What the task asks: Your copy of the entries below should hold exactly the lines from the one containing "All living organisms" to the one containing "EBSCO Discovery Service", inclusive, and no pictures.

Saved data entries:
══════

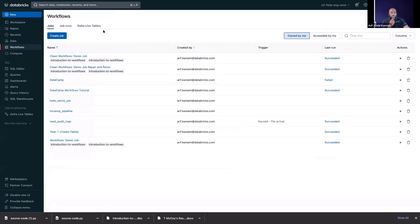Delta Live Tables is purpose-built for ETL — it has purpose-built syntax to make it easy to build ETL pipelines, does a lot of dependency management, monitoring out of the box, and has an optimized engine for ETL. What we're going to talk about today is the jobs component, which is more of an all-purpose orchestration tool. This isn't just for ETL, not just for Spark, and not just for Databricks. It's more an all-purpose orchestration tool, similar to how some of you might use Airflow.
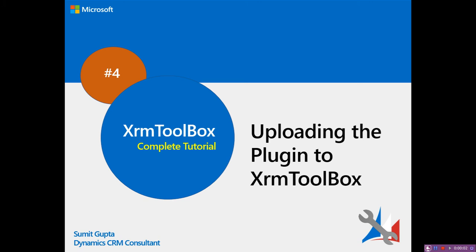Hi friends, I'm back with another tutorial about distributing plugins to XRM Toolbox. I hope you liked my previous videos where I covered information about XRM Toolbox, how to develop a plugin in XRM Toolbox.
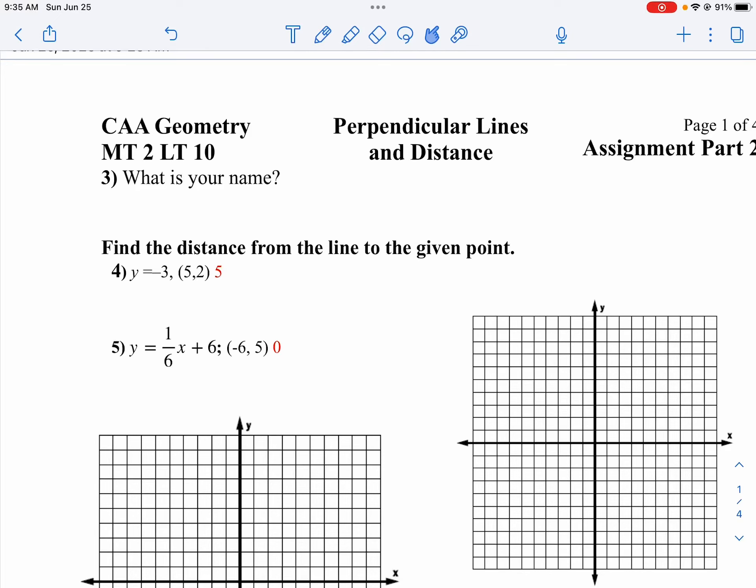Let's take a look at part 2 of your LT10 assignment. Make sure you do part 1 in Alex. There are two questions on there. On question number 3, don't forget your name — very important.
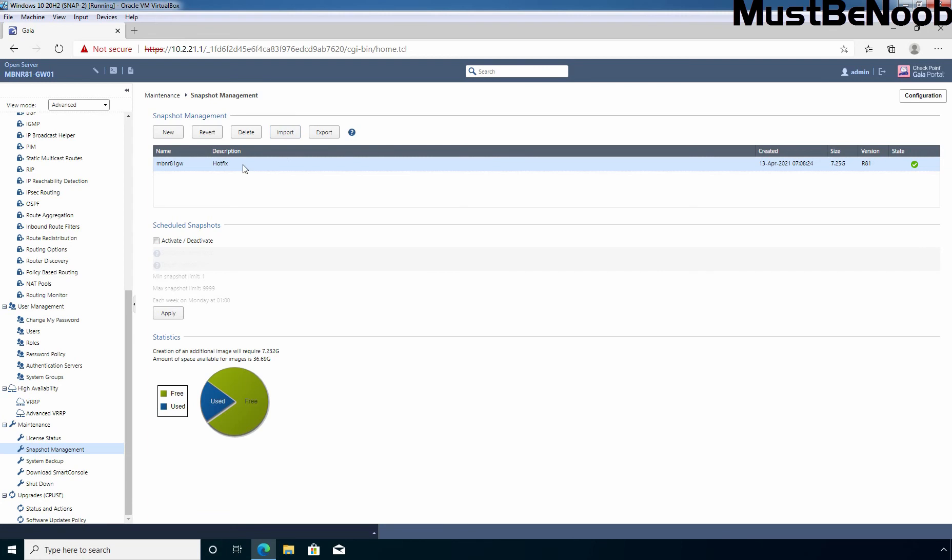If you want to export this snapshot, simply click on this export button. It will create one export image in .tar format. Then you can download that image to your local computer. And after that, if required, you can import that image again on your Gaia operating system to revert to that snapshot.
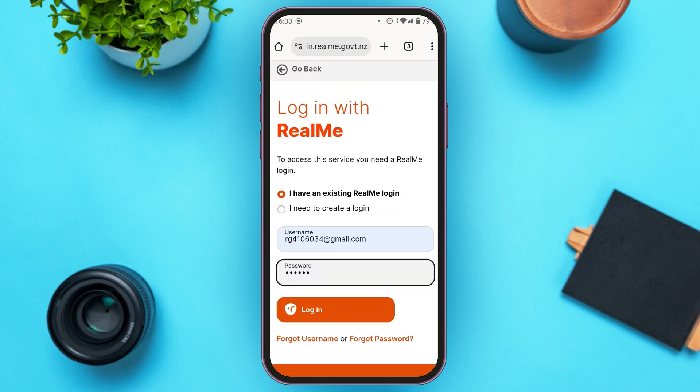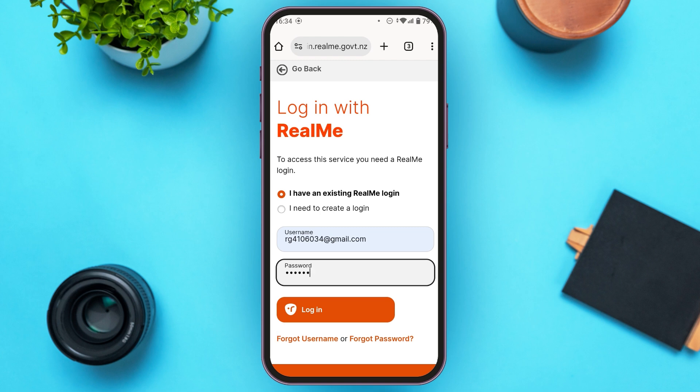Make sure to enter the correct password. If you have forgotten your password, simply tap on 'Forgot Password' and you'll be able to reset it. If you have forgotten your username, simply tap on 'Forgot Username' and you'll be able to reset it.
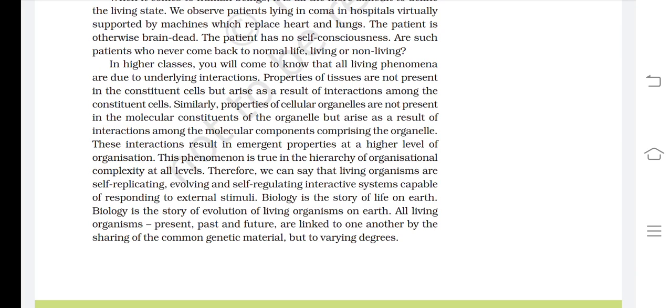All living organisms — present, past, and future — are linked to one another by sharing of common genetic material, but to varying degrees.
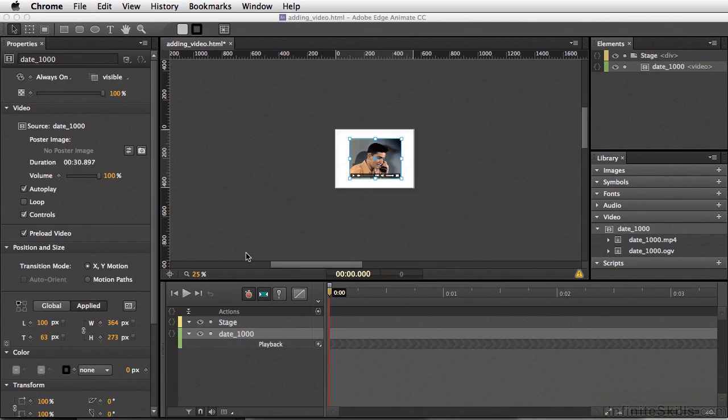So when you're creating your HTML videos for Edge Animate, be sure to save out both an MP4 as well as an OGV format. And when saving them, make sure you give them the same exact names, and only the extension will be different. This will allow them to be shared as the same group when you start using them inside your document.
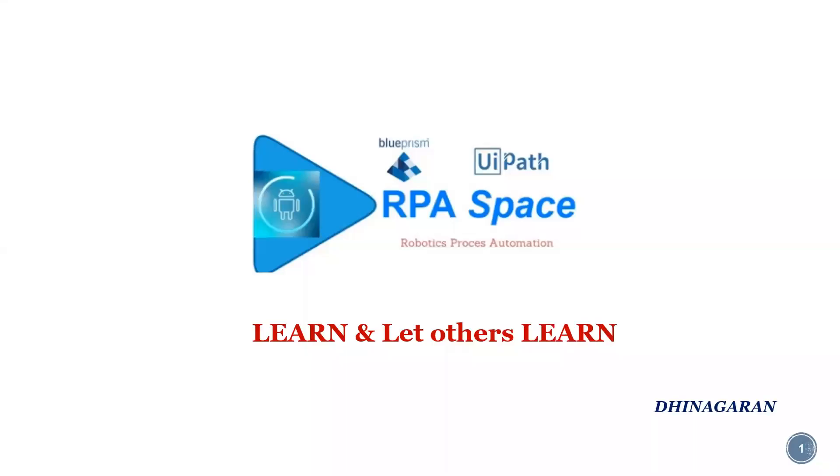Hi everyone, welcome back to the YouTube channel RPA Space and this is Nagedev. Today in this video we are going to learn about one of the interesting activities which is there in UiPath. If someone has already pro or expertise in UiPath and about this activity, this is not going to be helpful for them.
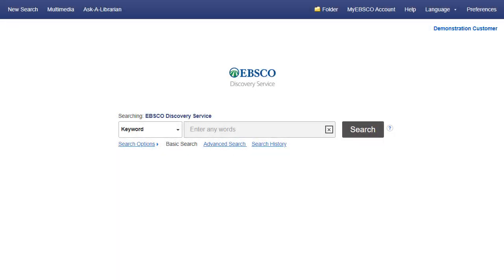EBSCO Discovery Service provides you with access to your institution's entire collection via a single entry point. In this tutorial, we will look at performing a keyword search and review the unique features available within EDS.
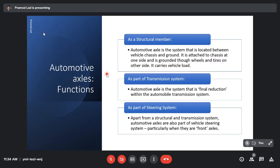The second important function it performs is as a part of the transmission system. The automotive axle is the final reduction within the automotive transmission system. The third important function that axles perform is as a part of the vehicle steering system. Apart from being a structural member and transmission system part, automotive axles are also part of the vehicle steering system, particularly when these axles are front axles.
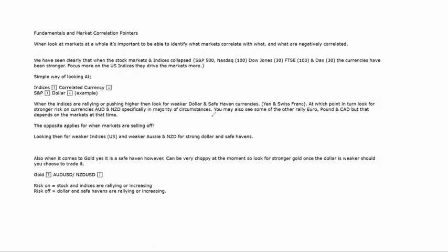If the stock markets continue to boom higher, you would generally see stronger Aussie and Kiwi because of that correlation. You also have the euro, pound, and Canadian dollar to consider. The dollar and euro are negatively correlated. The DXY — the dollar currency index — is weighted against all the other G7/G10 currencies, with the euro taking up about 50 percent of that weighting. This means if the dollar is strong the euro is weak, and vice versa.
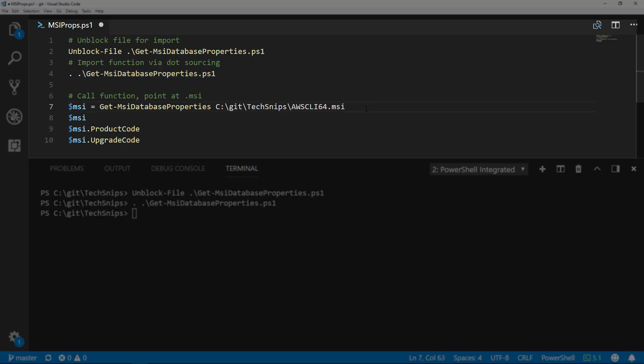Once we've imported the function, we can use it to view the database properties of an MSI. Let's go ahead and assign it to the MSI variable now.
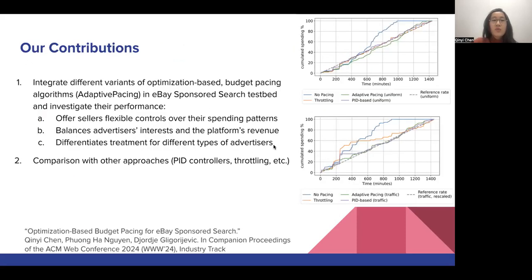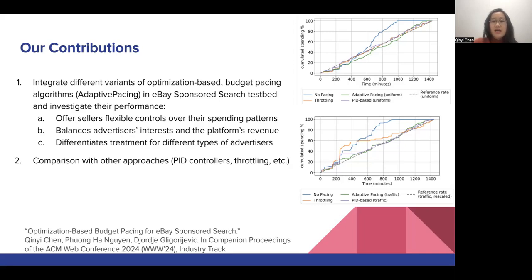In face of these challenges, our work contributed by integrating a number of different variants of an optimization-based budget pacing algorithm called adaptive pacing into eBay's sponsored search testbed and investigating their performance. We showed that these optimization-based budget pacing approaches offer sellers flexible controls over their spending patterns — either a uniform spending pattern or one corresponding to customer traffic, as illustrated in these two plots. It also gives us flexible handles to balance the advertiser's interest and the platform's revenue, and good intuition on how to best differentiate treatment for different types of advertisers.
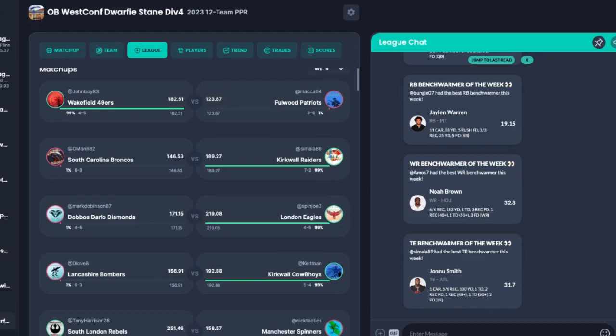Massive win for London Eagles as well, to get to four and five and keep Dobbo's Darlow Diamonds at four and five. That keeps London Eagles firmly in the hunt. And it's two wins in a row as well now, in a bit of form. So they're going in the right direction. And it just brings, it puts Dobbo's Darlow Diamonds right in the proper dogfight from four and five.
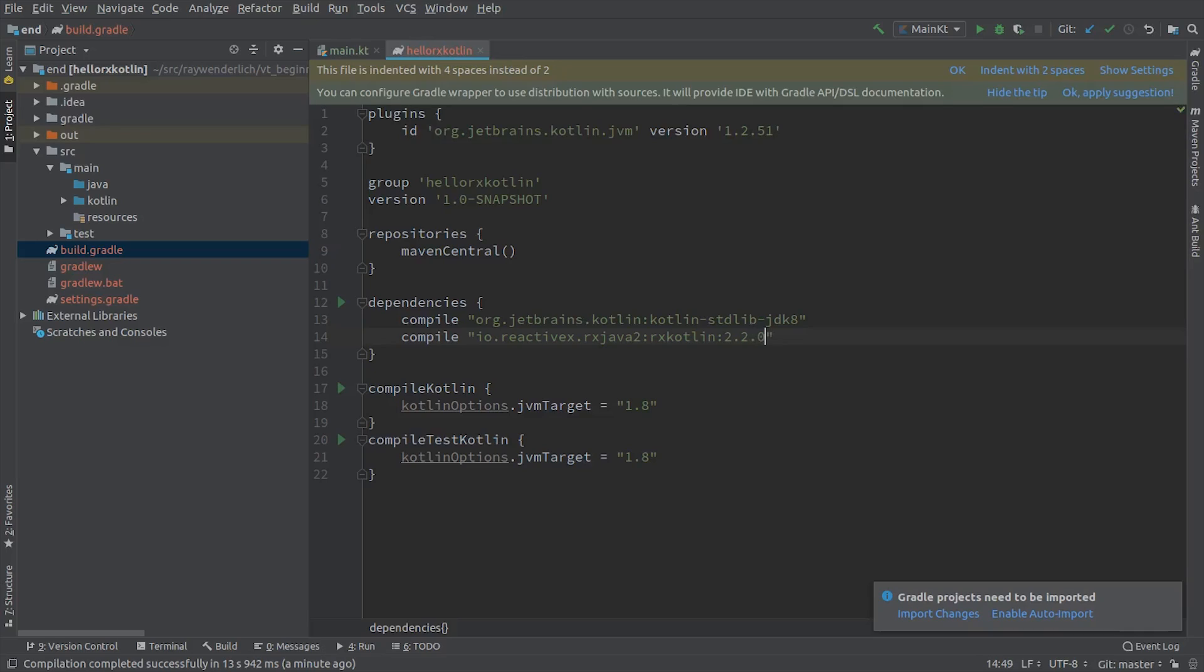In an Android Studio project, you'll need a second line to pull in RxAndroid. All the starter and final projects in the course have been configured with RxKotlin and RxJava, and also RxAndroid for Android projects. Hit Import Changes on the popup to sync the Gradle build files.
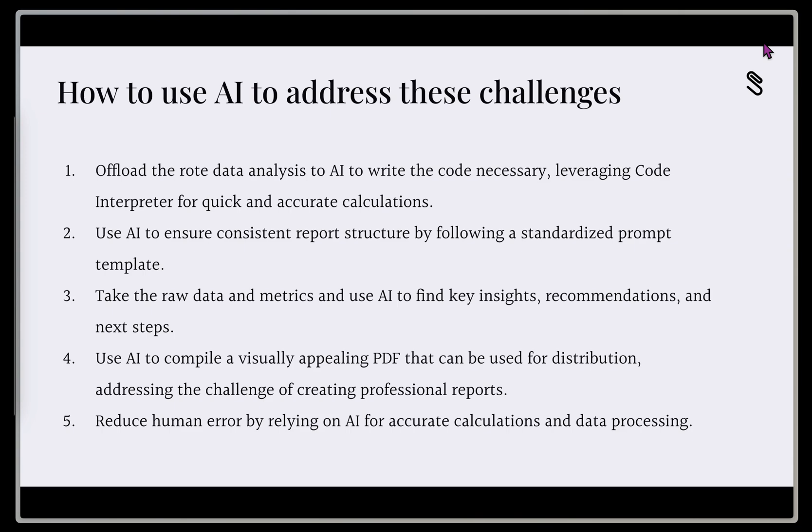The fourth thing we're going to do is we're going to use AI to compile a really visually appealing PDF so we can use that for distribution, and we address the challenge of having to create a professional report. And then fifth, we're going to reduce the human error by relying on that AI for accurate calculations and data processing.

══════

Answer to this problem:
All living organisms — present, past, and future — are linked to one another by sharing of common genetic material, but to varying degrees.
So when you're creating your HTML videos for Edge Animate, be sure to save out both an MP4 as well as an OGV format. And when saving them, make sure you give them the same exact names, and only the extension will be different. This will allow them to be shared as the same group when you start using them inside your document.
Hi everyone, welcome back to the YouTube channel RPA Space and this is Nagedev. Today in this video we are going to learn about one of the interesting activities which is there in UiPath. If someone has already pro or expertise in UiPath and about this activity, this is not going to be helpful for them.
EBSCO Discovery Service provides you with access to your institution's entire collection via a single entry point. In this tutorial, we will look at performing a keyword search and review the unique features available within EDS.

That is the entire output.